Tu viens de prendre la besace
Et le cordon de saint François;
Vêtu de froc, frère Pancrace,
Nous allons voir de tes exploits:
Par la grâce du saint capuce
Tu seras auprès de sœur Luce.
Aussi j'envie qu'en tes écrits,
En tes écrits que tout Paris,
Attend, comme au désert le peuple sans prépuce,
Le fameux peuple d'Israel
Attendait la manne du ciel.
Mais n'aurais tu suivi qu'une ambition folle?
Aux lauriers immortels dont il a le front ceint
Voltaire voudrait il joindre, encor, l'auréole
Et grand homme en ce monde être dans l'autre un saint?

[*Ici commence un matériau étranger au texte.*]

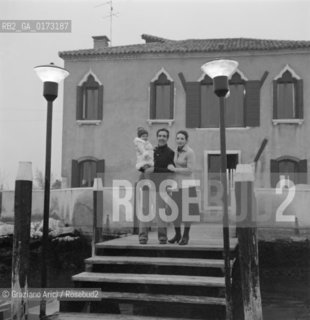 THE FOOT-BALL TRAINER HELENIO HERRERA WITH HIS WIFE FLORA GANDOLFI AND HIS SON - VENICE - 1974 © ARCHIVIO Graziano Arici/Rosebud2  / SPORT / ALLENATORE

Si c'est ton projet, tu t'abuses,
Capucin tant qu'il lui plaira,
Voltaire, jamais ne sera,
De ces gens qu'on invoquera
Si ce n'est au temple des muses
Où plus d'un autel il aura.

Il passe ici pour constant, mon cher confrère, que vous avez pris l'habit de capucin. Cela paraît un peu extraordinaire: Apollon s'est fait berger, il a pris la houlette, mais il ne s'est pas mis dans un froc. Ma femme me charge de vous dire qu'elle va devenir dévote à st François et qu'elle baise très respectueusement la barbe de frère Voltaire.